Vasoactive intestinal peptide-stimulated Cl- secretion: activation of cAMP-dependent K+ channels

• Published in: The Journal of membrane biology Vol. 186; no. 3; pp. 145 - 157
• Main Authors: Izu, L T, McCulle, S L, Ferreri-Jacobia, M T, Devor, D C, Duffey, M E
• Format: Journal Article
• Language: English
• Published: United States Springer Nature B.V 01.04.2002
• Subjects: Caffeine - administration & dosage; Cell Line; Chlorides - metabolism; Cyclic AMP-Dependent Protein Kinases - administration & dosage; Electric Conductivity; Humans; Intestinal Mucosa - drug effects; Intestinal Mucosa - metabolism; Ion Transport; Membrane Potentials - drug effects; Patch-Clamp Techniques; Potassium Channels - metabolism; Sensitivity and Specificity; Temperature; Vasoactive Intestinal Peptide - administration & dosage
• ISSN: 0022-2631; 1432-1424
• DOI: 10.1007/s00232-001-0145-7

Vasoactive intestinal peptide (VIP) stimulates active Cl- secretion by the intestinal epithelium, a process that depends upon the maintenance of a favorable electrical driving force established by a basolateral membrane K+ conductance.
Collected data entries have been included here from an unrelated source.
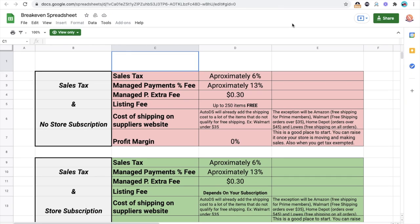What is going on guys? Welcome to a brand new video. Today we're going to be covering how to not lose money on your eBay dropshipping sales. First thing first, there's a few things that you got to know.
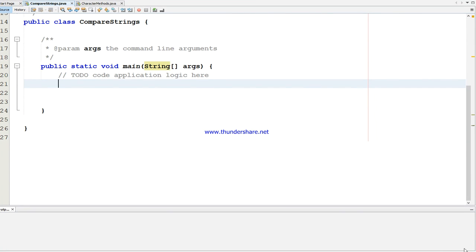Hi viewers, welcome to Start Coding Tamil. Today's video we are going to discuss about strings and characters. Strings are sequences of words enclosed by double quotation marks. A character is a single letter enclosed by a single quote. We are going to discuss how to compare strings and also the character methods available in the character class.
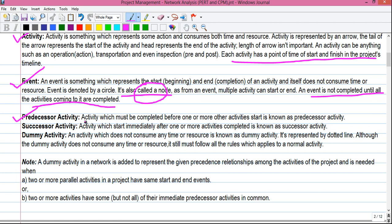Now, coming to types of activities — there are three types. The first is predecessor activity: an activity which must be completed before one or more other activities start. For example, your travel is the predecessor activity of starting the survey. Next is successor activity: an activity which starts immediately after one or more activities are completed. Starting the survey is the successor activity of the three travel activities.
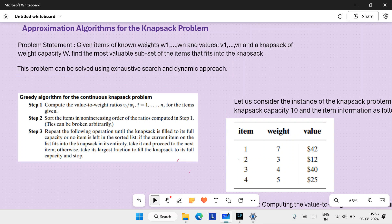This problem can also be solved using a greedy approach. Let me recall the concept. Step one: compute the value-to-weight ratio, v_i divided by w_i, for all items. Step two: sort the items in non-increasing order of the ratios computed in step one — arrange them in decreasing order of their ratios.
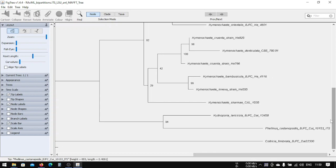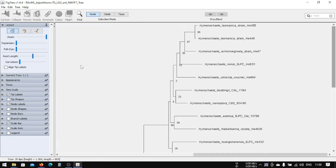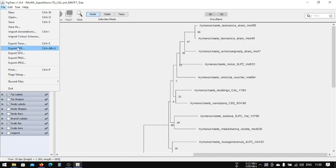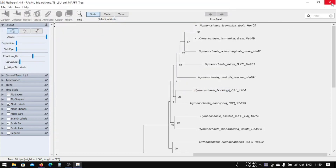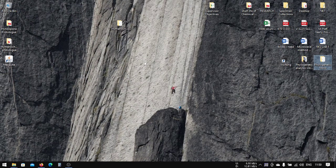This is the tree that has been generated. You can see that one group is more closely related and clusters toward the other clade. Now we can save this tree by exporting it — go to export as PDF, SVG, or PNG, whatever you want. Export to PDF and save it as a .pdf file. We are now done with the ML analysis using RAxML.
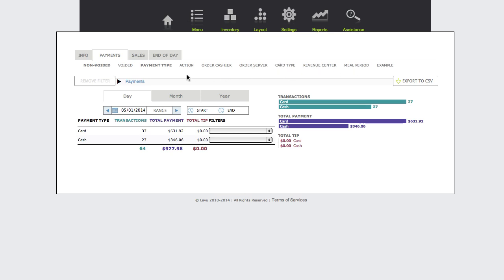Then you can view either voided or non-voided orders for the option you've selected. In this example, I'm looking at the payments report. I've selected the report option payment type, and I'm viewing non-voided orders for the option that's selected.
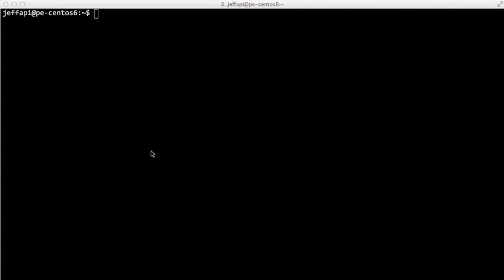All right, so this is a quick demonstration about how to get started with the VMware cloud provisioning features of Puppet Enterprise 2. So similar to the Amazon EC2 feature, we need to configure Cloud Provisioner with our credentials to talk to a VMware infrastructure. I've just got a normal installation of Puppet Enterprise 2.0.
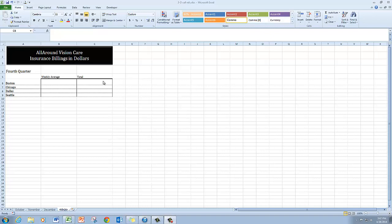I'm going to start out here in the total column and what I want to do is create a formula that will total the Boston figures for October, November, and December.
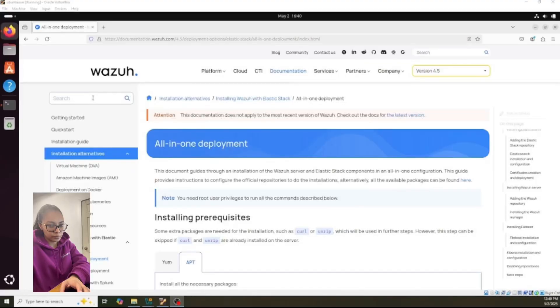Hi guys, my name is Mariel Hernandez, also known as the OC&I, and I'm going to show you in this video how to install Wazuh with Elasticsearch without losing your mind. So stay in and let's go.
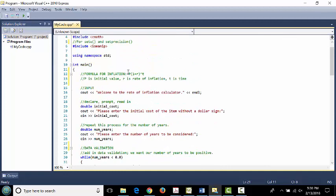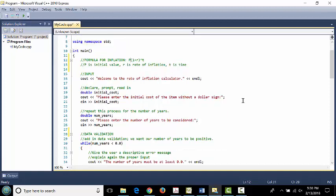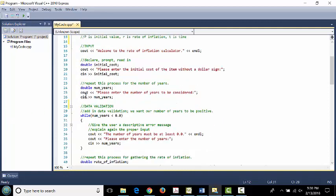That takes care of the P part of the formula. But we're not done with input — we still need the rate of inflation and the amount of time we wish to consider. We start the declare-prompt-read process for the number of years. I declare a double variable num_years, tell the user 'please enter the number of years you want to consider,' and then read in that value.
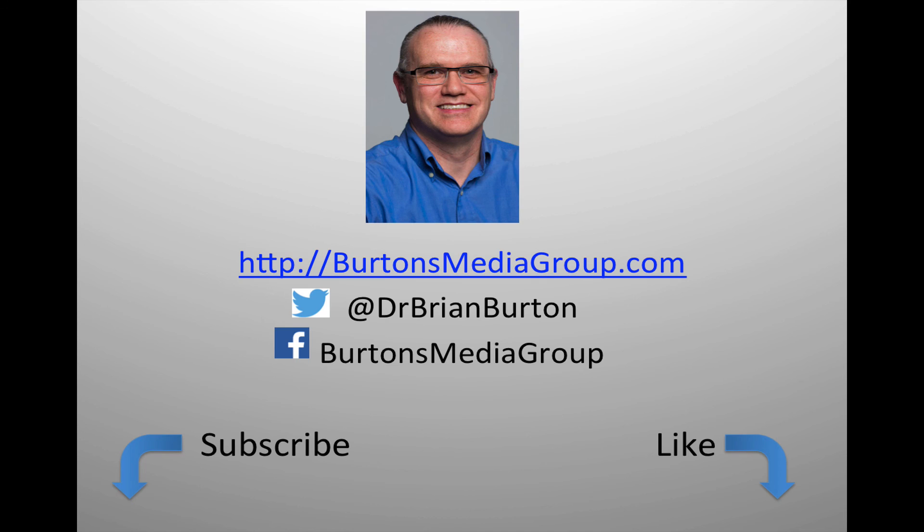We have a lot more tutorials and lessons forthcoming. If you'd like to follow what's happening, you can follow us on Twitter at Dr. Brian Burton or Facebook at Burton's Media Group or follow us on our website, burtonsmediagroup.com. If you'd like notification through YouTube, hit the like or subscribe button.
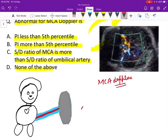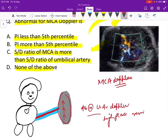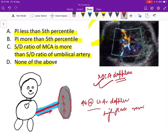MCA Doppler is interpreted when the umbilical artery Doppler is showing something abnormal. Abnormality in umbilical artery Doppler means there is high placental resistance. When the resistance in the placenta becomes high, the umbilical artery draining to the placenta shows abnormalities — there is impaired fetoplacental circulation. Through MCA Doppler, we assess the fetal response to this increased placental resistance.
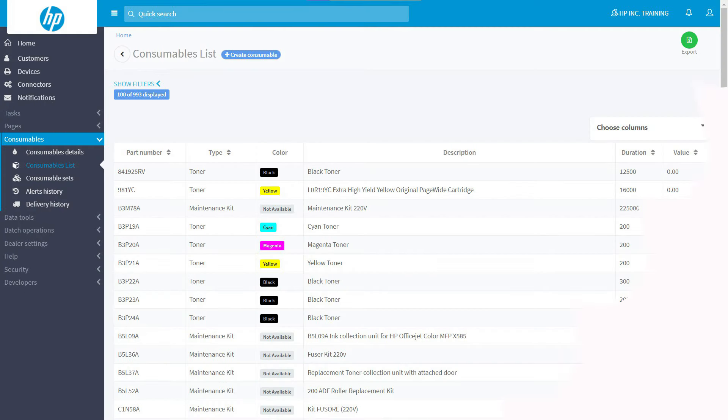Welcome to HP SDS Action Center, the HP portal that provides easy access to HP smart device services. This tutorial will show you how to create and manage a consumables list.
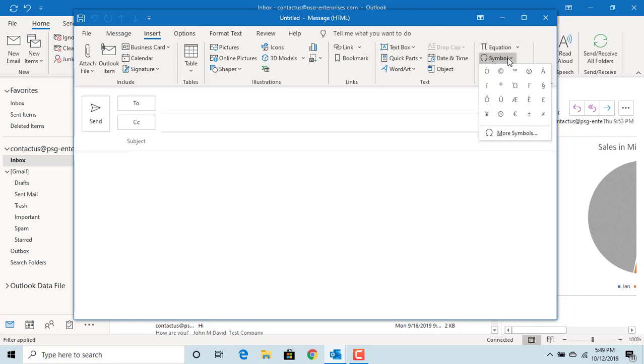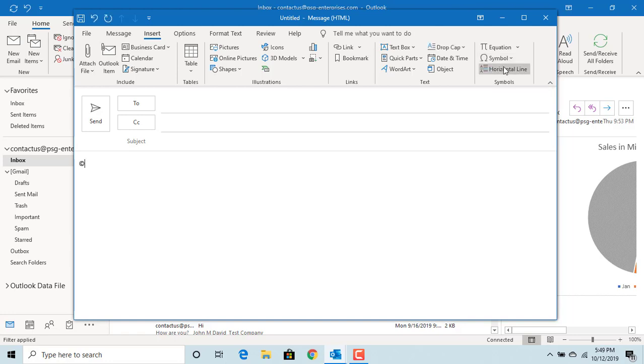You can insert copyright, trademark, registered sign, and other special characters.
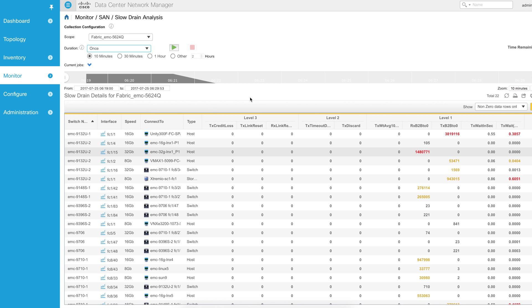Today we're going to do a short introduction video to slow drain analysis, which is one of the features inside of DCNM 10.1 that allows administrators to find slow drain type problems in their environment.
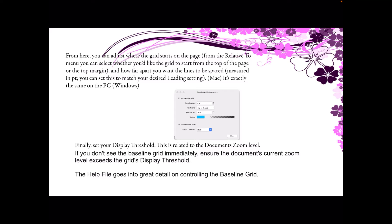Finally, set your display threshold. This is related to the document zoom level. If you don't see the Baseline Grid immediately, ensure the document's current zoom level exceeds the grid's display threshold. The help file goes into great detail on controlling the baseline grid, so don't forget to use the help menu in Affinity Publisher — it's your friend.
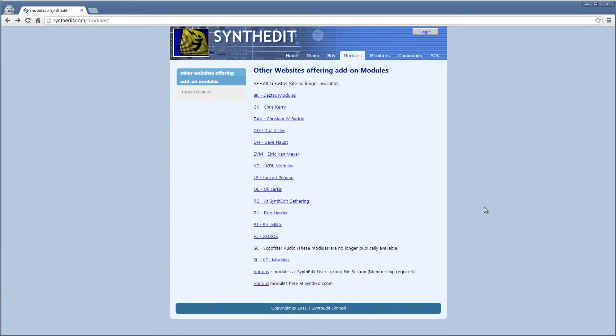To check out a list of people supplying modules, go to SynthEdit.com/modules. A few of these links are outdated, but most are still good.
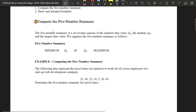The five number summary of a set of data consists of the smallest value, quartile one, the median, quartile three, and the largest value. We organize the five number summary in this order. We don't always have to label them — if we write five numbers in this order for a five number summary, we'll know what those mean and what each one is.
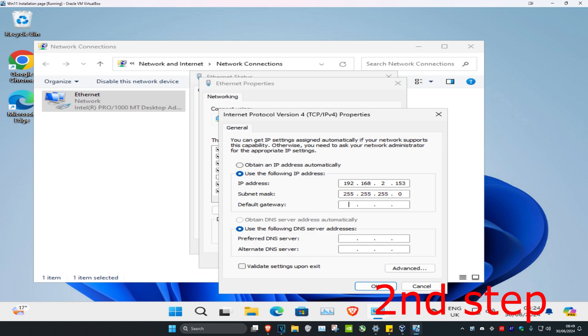Then click on the default gateway: 192.168.2.2. You want to make sure that use the following DNS server has also been selected. Then for the preferred DNS server we're going to type in 1.1.1.1 and then for the alternate DNS server we're going to type in 1.0.0.1 and click on OK.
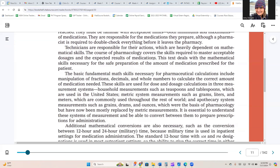They are responsible for the medications they prepare, although a pharmacist is required to double-check everything before it leaves the pharmacy. Technicians are responsible for their actions, which are heavily dependent on mathematical skills. Basic math skills necessary for pharmaceutical calculations include manipulation of fractions, decimals, and whole numbers to calculate the correct amount of medication needed. These skills are used for dose and dosage calculations in three measurement systems: household measurements such as teaspoons and tablespoons, metric system measurements such as grams, liters, and meters, and apothecary system measurements such as grains, drams, and ounces, which have now been mostly replaced by metric measurements.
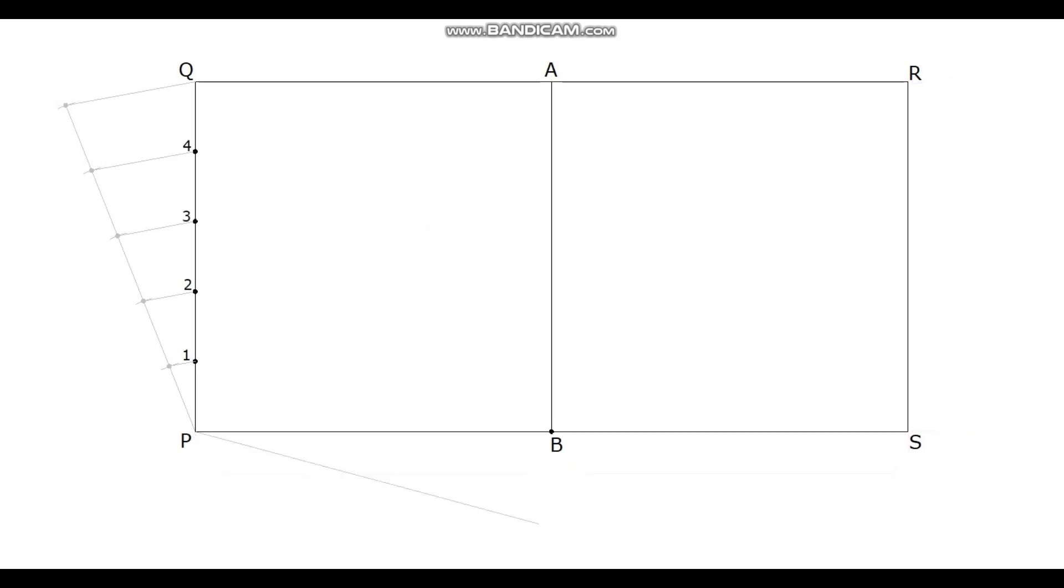Divide the line PB also into the same number of divisions. Let these points be 1', 2', 3' and 4'.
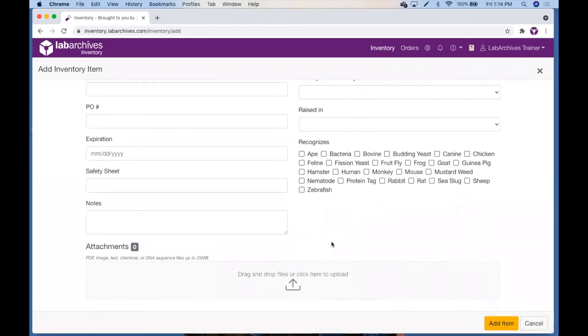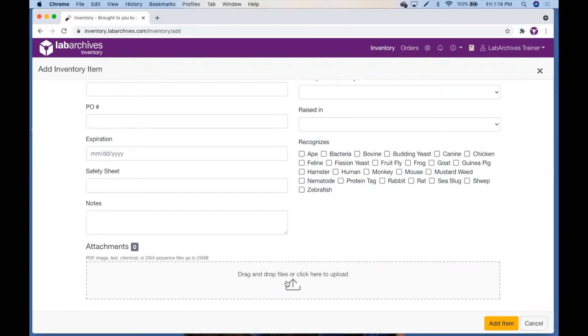If you have files containing supplemental information about this item, you can add them as an attachment. Drag and drop files or click here to upload. You can add PDF, image, text, chemical, and DNA sequence files. Please see our knowledge base for a full list of accepted file extensions.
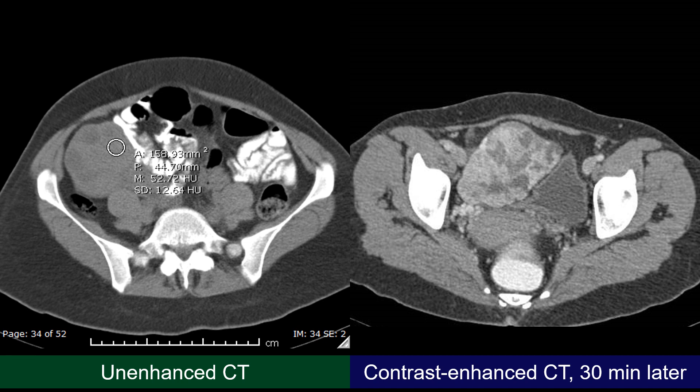The strong enhancement of the lesion on the contrast-enhanced CT is also unusual, particularly unusual for an ovary in torsion. This is probably because of the very high blood flow to the thyroid tissue within the ovary, and probably also due to uptake of iodine by the functioning thyroid tissue — not only passive enhancement of the intravascular and interstitial components, but also active uptake by the thyroid tissue.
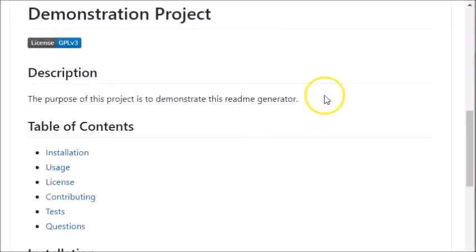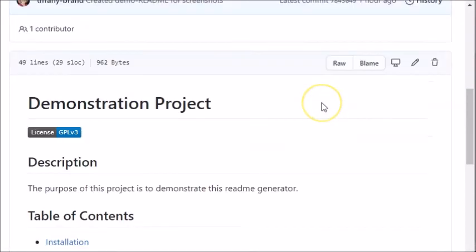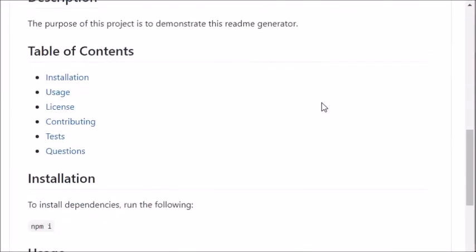The following is an example of a README file generated with the professional README generator.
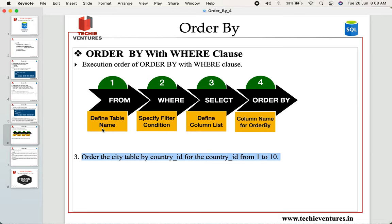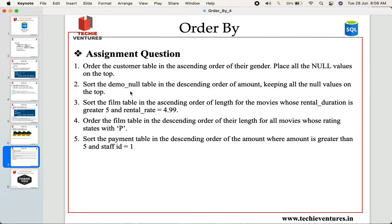The execution order to always remember is: FROM first, then WHERE, then SELECT, and fourth is ORDER BY. I have also given a few assignment questions for you to practice. If you have any questions, feel free to post them in the comment section. If you want to continue learning SQL, Python, data science, machine learning, or AI with me, please like and subscribe to my channel and hit the bell icon for notifications. Thank you so much for your time and patience — have a great day ahead!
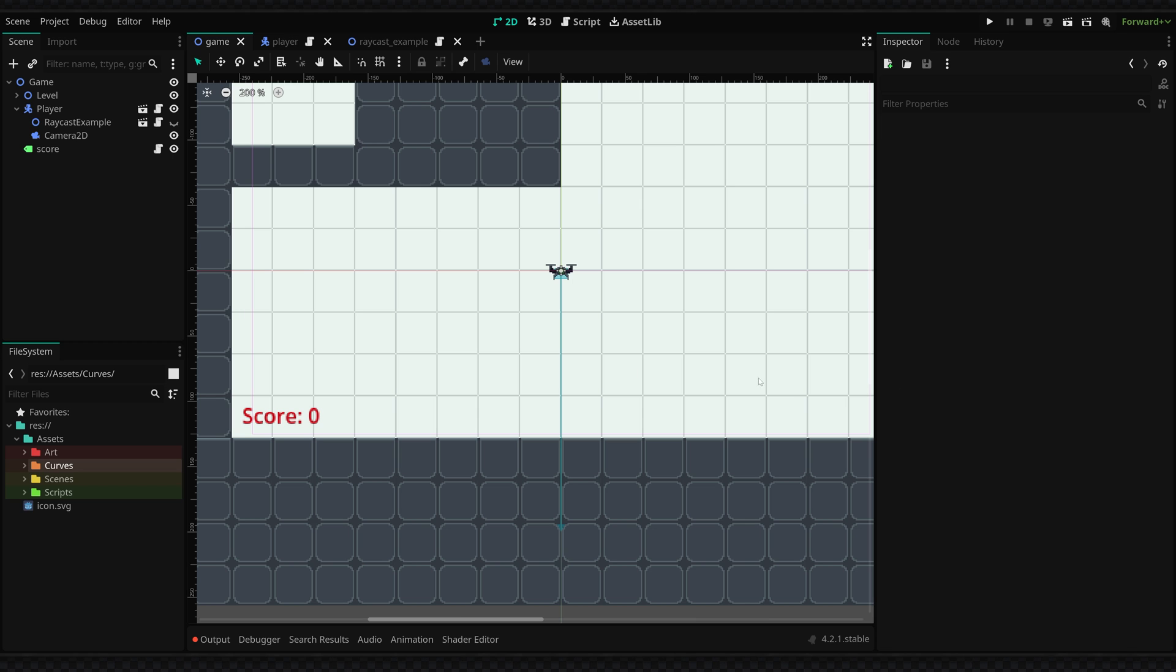Hey what's up guys, so in this video I'm going to be showing you how to create a raycast 2D, how to use it, and also give you an example of how I've set it up in this project here.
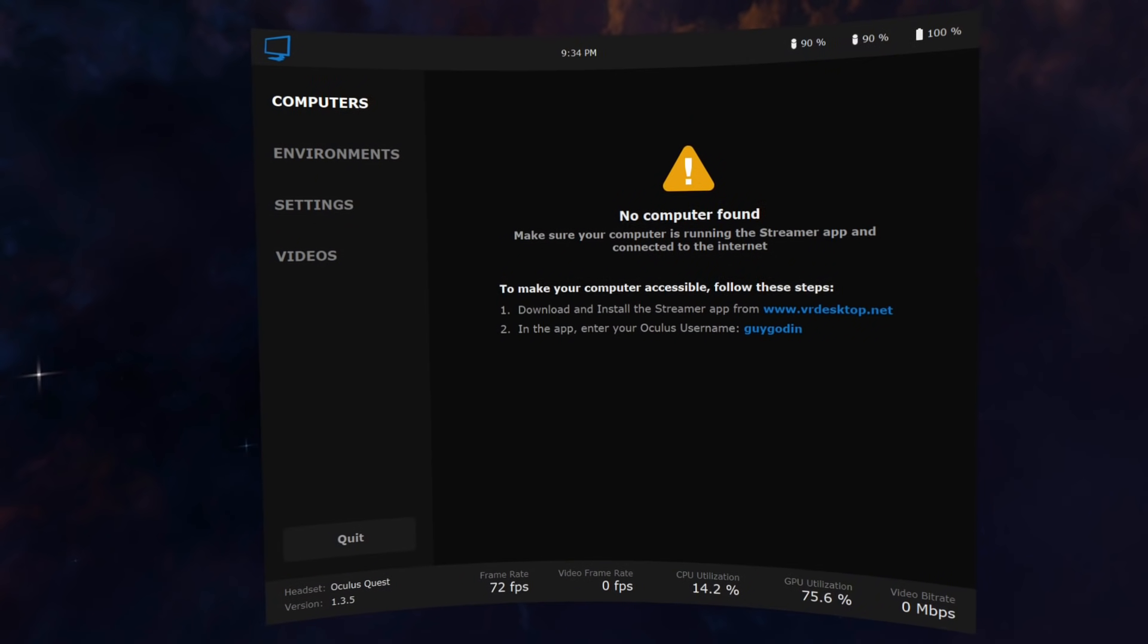Back to the control panel, the settings tab has many options. Let's go over them. AutoConnect will allow Virtual Desktop to automatically connect to the last used computer.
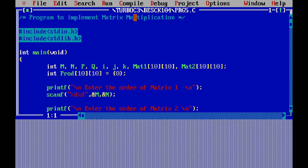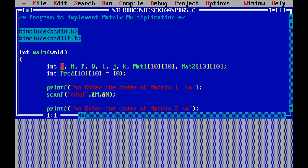The first line says 'program to implement matrix multiplication.' Next we have #include stdio.h and #include stdlib.h. Then int main(), and we declare int variables m, n, p, q, i, j, k, and two-dimensional arrays mat1[10][10] and mat2[10][10]. Here m and n stand for the order of matrix 1, p and q for the order of matrix 2, and i, j are used in the for loops. We also declare a product array to store the answer, initialized to zero.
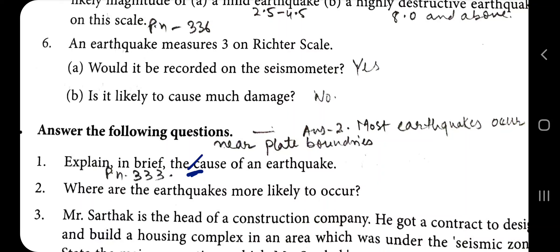A highly destructive earthquake is 8 or above on the Richter scale. An earthquake measuring 3 on the Richter scale — that is very low, just a slight tremor. It would be recorded on the seismometer but is unlikely to cause much damage. Explain the cause of an earthquake — go to page 333 for the direct answer. Earthquakes are more likely to occur near plate boundaries where tension between plates arises more frequently, creating more seismic waves, and maximum damage occurs at the epicenter.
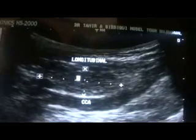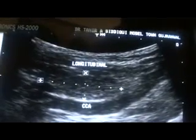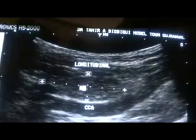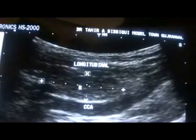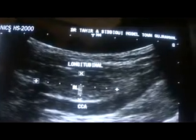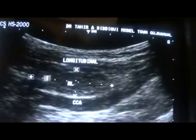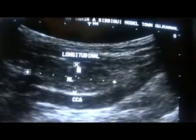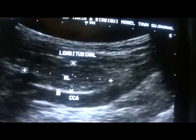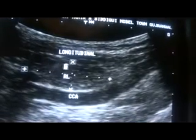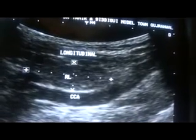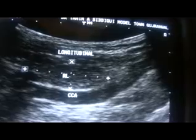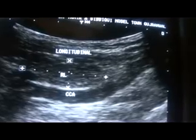This is the right lobe of the thyroid gland. Now let's move on to the left lobe — sorry — left lobe of the thyroid gland.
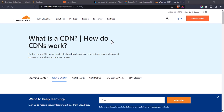Hey guys, welcome to another WordPress tutorial. In today's video, I'm going to show you how to connect your WordPress website to the Cloudflare CDN. The Cloudflare CDN will help improve your website performance and also help in securing your website.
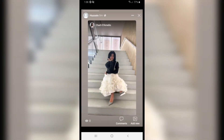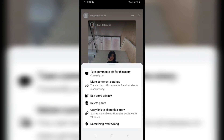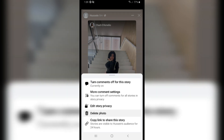Click on the three dots in the top right corner. Multiple options will show up, and what you need to do is click on 'Delete Photo'. Tap on it.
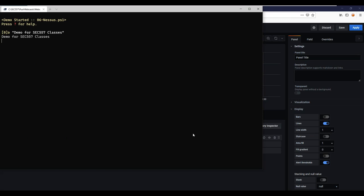Let's do the fourth poll question — the vulnerability scanner poll. This is a problem I see very frequently with clients. I want to get a feel for what your experience has been working with vulnerability scanners. How has it gone when you've used your vulnerability scanner?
To demonstrate the role of this K- conductance, we measured short-circuit current (I(SC)) across monolayers of the human colonic secretory cell line, T84. The serosal application of VIP (50 nM) increased I(SC) from 3 +/- 0.4 microA/cm2 to 75 +/- 11 microA/cm2 (n = 4), which was reduced to a near zero value by serosal applications of Ba2+ (5 mM). The chromanol, 293B (100 microM), reduced I(SC) by 74%, but charybdotoxin (CTX, 50 nM) had no effect. We used the whole-cell voltage-clamp technique to determine whether the K+ conductance is regulated by cAMP-dependent phosphorylation in isolated cells. VIP (300 nM) activated K+ current (131 +/- 26 pA, n = 15) when membrane potential was held at the Cl- equilibrium potential (E(Cl-) = -2 mV), and activated inward current (179 +/- 28 pA, n = 15) when membrane potential was held at the K+ equilibrium potential (E(K+) = -80 mV); however, when the cAMP-dependent kinase (PKA) inhibitor, PKI (100 nM), was added to patch pipettes, VIP failed to stimulate these currents. Barium (Ba2+ , 5 mM), but not 293B, blocked this K+ conductance in single cells. We used the cell-attached membrane patch under conditions that favor K + current flow to demonstrate the channels that underlie this K+ conductance. VIP activated inwardly rectifying channel currents in this configuration. Additionally, we used fura-2AM to show that VIP does not alter the intracellular Ca2+ concentration, [Ca2 +]i. Caffeine (5 mM), a phosphodiesterase inhibitor, also stimulated K+ current (185 +/- 56 pA, n = 8) without altering [Ca2+]i. These results demonstrate that VIP activates a basolateral membrane K+ conductance in T84 cells that is regulated by cAMP-dependent phosphorylation.